Region of Risk
“Aviation in itself is not inherently dangerous. But to an even greater degree than the sea, it is terribly unforgiving of any carelessness, incapacity or neglect”— Captain A. G. Lamplugh, British Aviation Insurance Group, London. c. early 1930's.
Aviation technical manuals emphatically emphasize warnings and cautions to be observed during the full spectrum of aircraft maintenance procedures. Technical training classes reinforce the safety mantra along with safety and human factors posters. We are asked to respect and adhere to these warnings regardless of the working stresses we encounter. We have plenty of evidence from accident and incident investigation reports to know the consequences of carelessness, incapacity or neglect. Working in the Region of Risk can have deadly consequences if some of the proud members of the Dirty Dozen infiltrate our weak or non-existent safety nets.

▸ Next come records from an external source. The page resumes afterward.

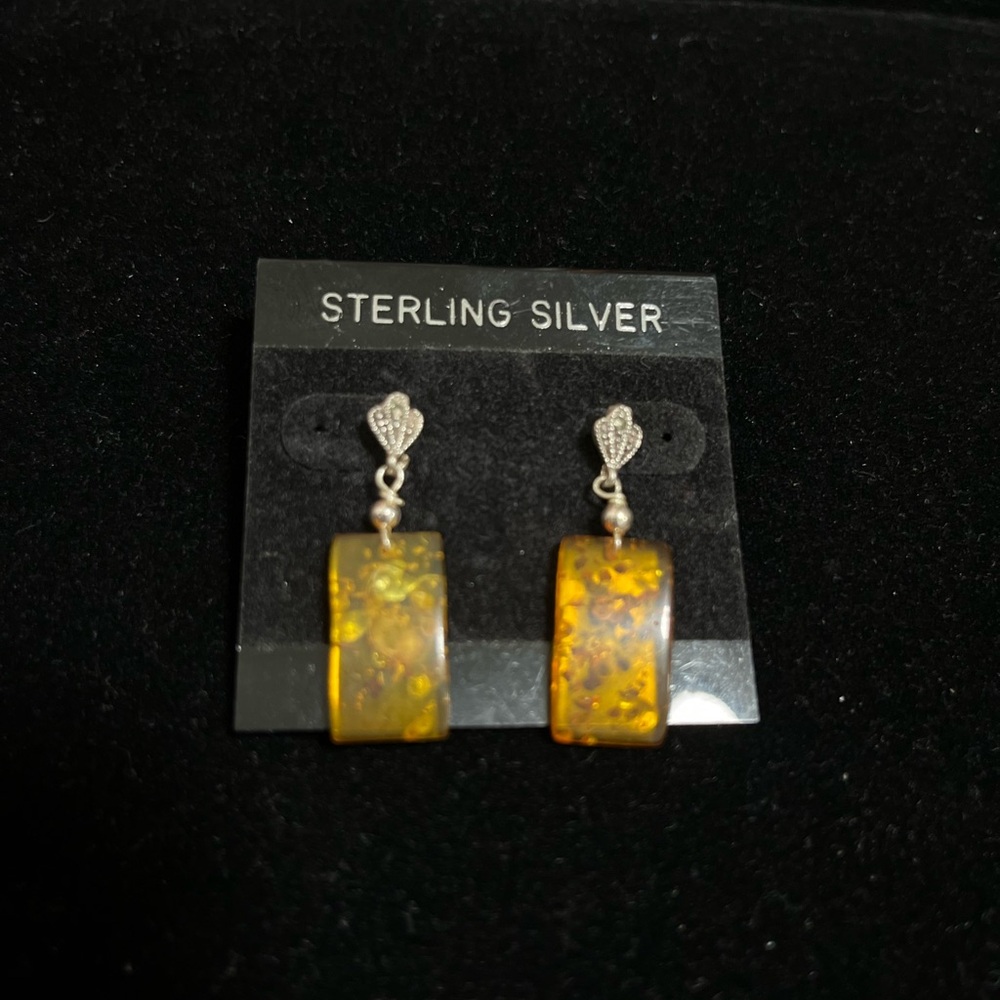Sterling Silver Amber Earrings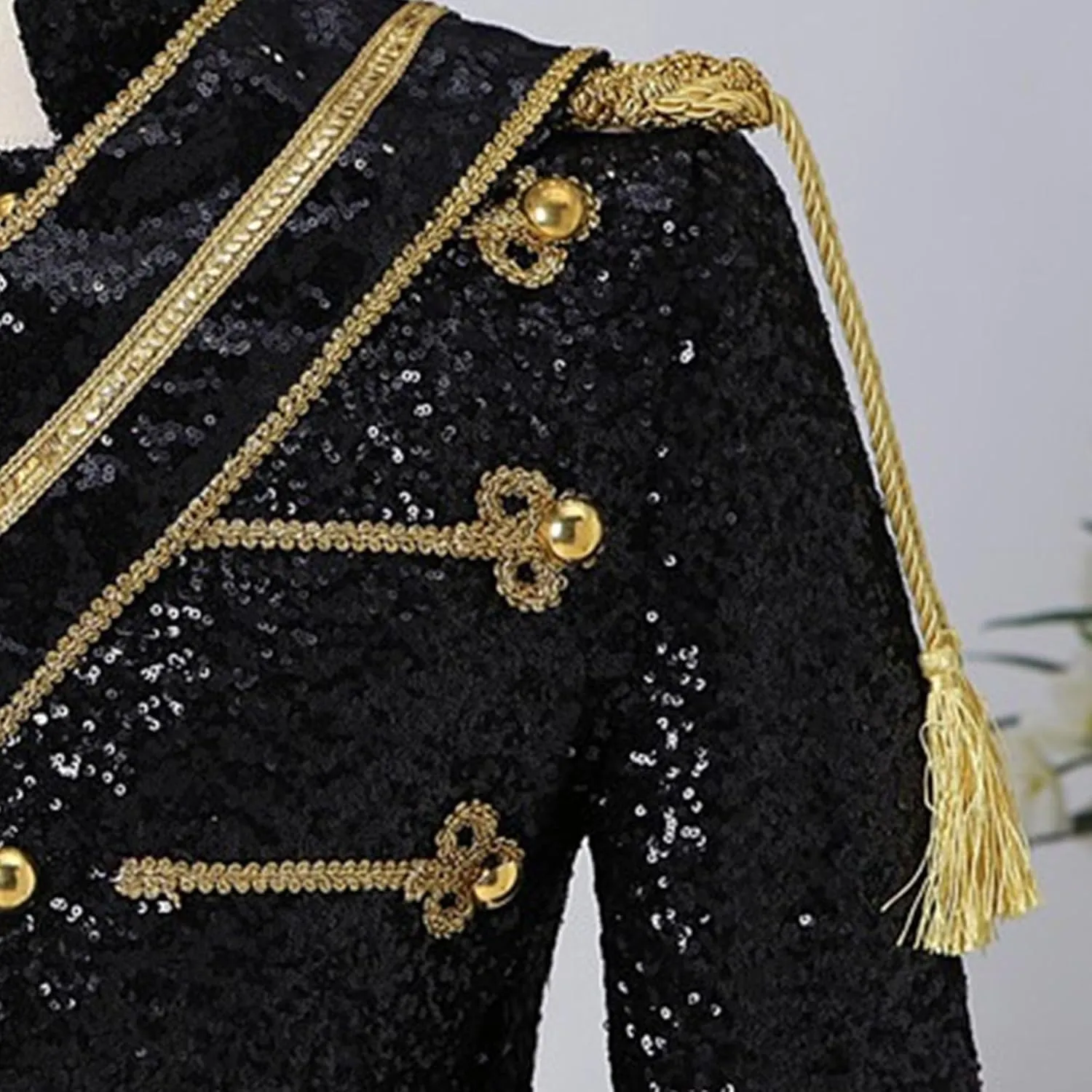 Mens Luxury Sequin Suit Blazer Jacket Medieval Dinner Party Uniform Fit Stand Collar Shiny Party Tuxedo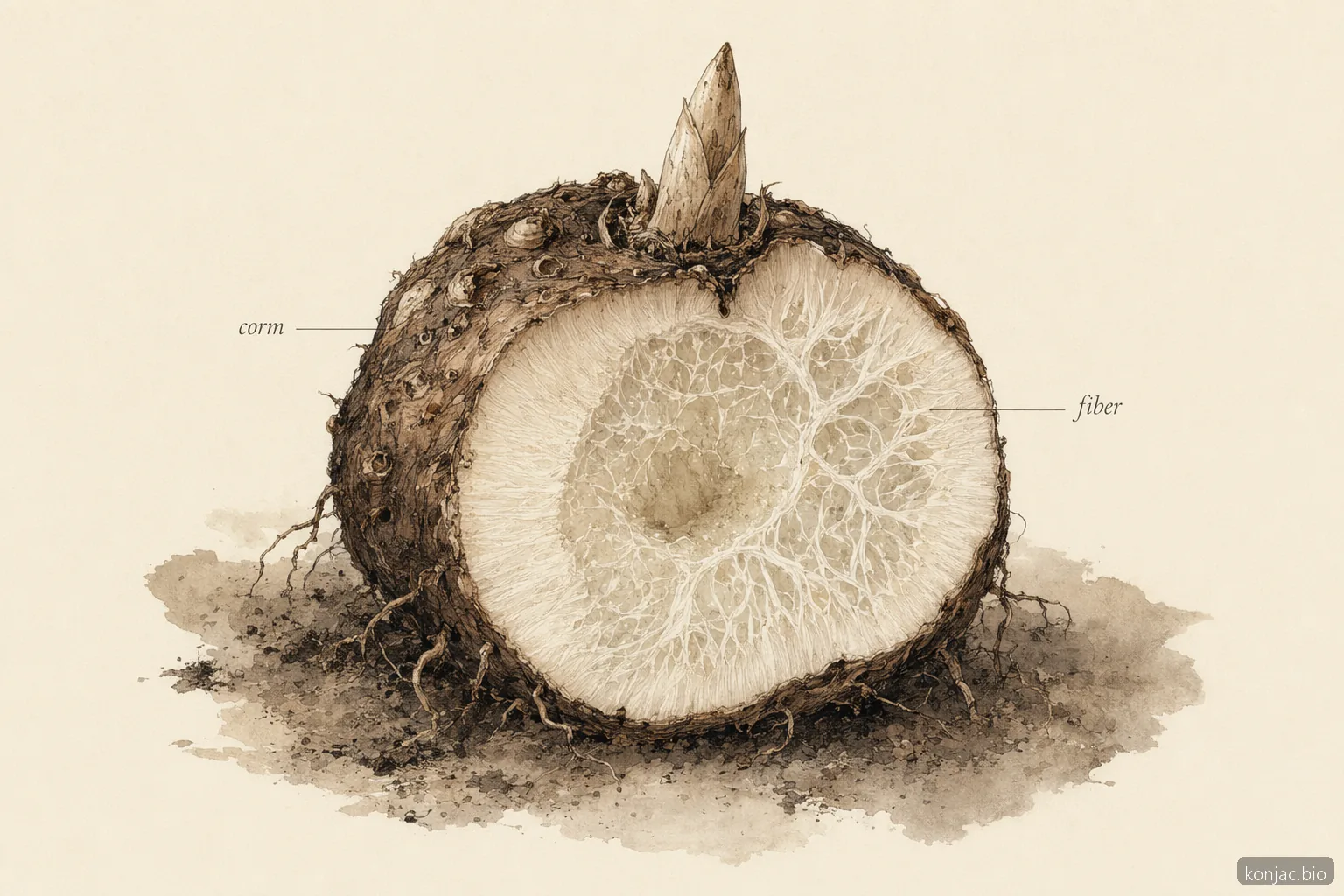 amorphophallus konjac corm stores glucomannan-rich fiber in its underground swollen stem, not the leaf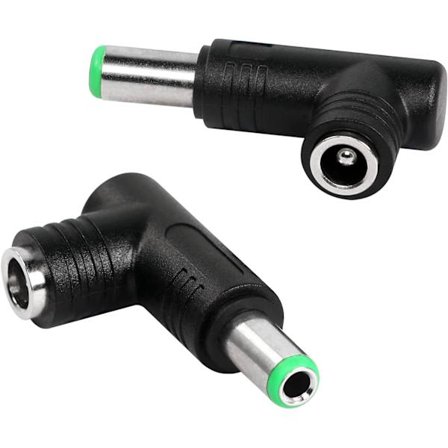 (2 stk) DC Strømadapter, 90 Graders Vinkel DC Adapter 6.3mm x 3. DXGHC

Before entering the Region of Risk, ask your self or your crew what are the potential risks I or we face by accomplishing the task before us. Are their any new crewmembers accomplishing this task for the first time? Do we have all the appropriate manual references and adhering to the warnings and cautions? Do we have the proper resources in equipment and manpower? You know what questions to ask and you know what safety nets to employ. It all falls back on being the best version of yourself for each task, every day, all the time. And take a page from the US Navy Blue Angles preflight briefing, “Are you glad to be here?”